__Task details__:
If a line in the listing below includes the string "Designer", pull it out.

__Data for the task__:
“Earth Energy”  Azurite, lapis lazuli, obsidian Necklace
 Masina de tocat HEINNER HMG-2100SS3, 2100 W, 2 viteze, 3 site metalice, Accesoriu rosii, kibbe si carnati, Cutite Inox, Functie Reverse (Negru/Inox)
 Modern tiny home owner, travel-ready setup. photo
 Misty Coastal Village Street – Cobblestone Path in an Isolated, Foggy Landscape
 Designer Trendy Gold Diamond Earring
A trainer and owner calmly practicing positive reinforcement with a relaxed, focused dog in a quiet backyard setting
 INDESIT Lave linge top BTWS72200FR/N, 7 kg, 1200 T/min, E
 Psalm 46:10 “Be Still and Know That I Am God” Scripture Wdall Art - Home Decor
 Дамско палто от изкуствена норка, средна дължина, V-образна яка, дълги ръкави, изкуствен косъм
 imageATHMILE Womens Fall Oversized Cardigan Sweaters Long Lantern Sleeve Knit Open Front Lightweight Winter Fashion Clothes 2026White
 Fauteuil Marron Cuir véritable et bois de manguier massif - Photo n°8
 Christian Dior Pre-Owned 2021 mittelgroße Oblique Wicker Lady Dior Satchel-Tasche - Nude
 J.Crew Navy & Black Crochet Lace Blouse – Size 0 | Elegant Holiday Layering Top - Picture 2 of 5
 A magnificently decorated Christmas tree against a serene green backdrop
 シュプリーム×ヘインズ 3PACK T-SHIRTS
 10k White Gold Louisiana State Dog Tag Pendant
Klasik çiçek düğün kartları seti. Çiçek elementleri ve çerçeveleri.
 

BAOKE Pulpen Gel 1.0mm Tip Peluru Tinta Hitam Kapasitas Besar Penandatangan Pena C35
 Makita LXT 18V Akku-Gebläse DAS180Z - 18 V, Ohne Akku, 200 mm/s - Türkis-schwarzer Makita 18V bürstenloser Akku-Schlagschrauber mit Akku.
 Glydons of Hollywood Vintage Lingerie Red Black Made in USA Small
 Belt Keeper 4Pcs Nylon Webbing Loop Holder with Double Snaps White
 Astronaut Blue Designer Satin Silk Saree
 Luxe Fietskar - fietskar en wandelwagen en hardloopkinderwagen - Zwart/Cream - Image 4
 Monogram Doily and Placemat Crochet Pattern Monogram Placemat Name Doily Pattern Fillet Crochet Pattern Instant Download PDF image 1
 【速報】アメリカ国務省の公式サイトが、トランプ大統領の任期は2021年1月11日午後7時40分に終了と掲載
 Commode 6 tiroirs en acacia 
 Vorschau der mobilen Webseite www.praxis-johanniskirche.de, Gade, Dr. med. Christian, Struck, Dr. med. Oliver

__Answer to this problem__:
 Designer Trendy Gold Diamond Earring
 Astronaut Blue Designer Satin Silk Saree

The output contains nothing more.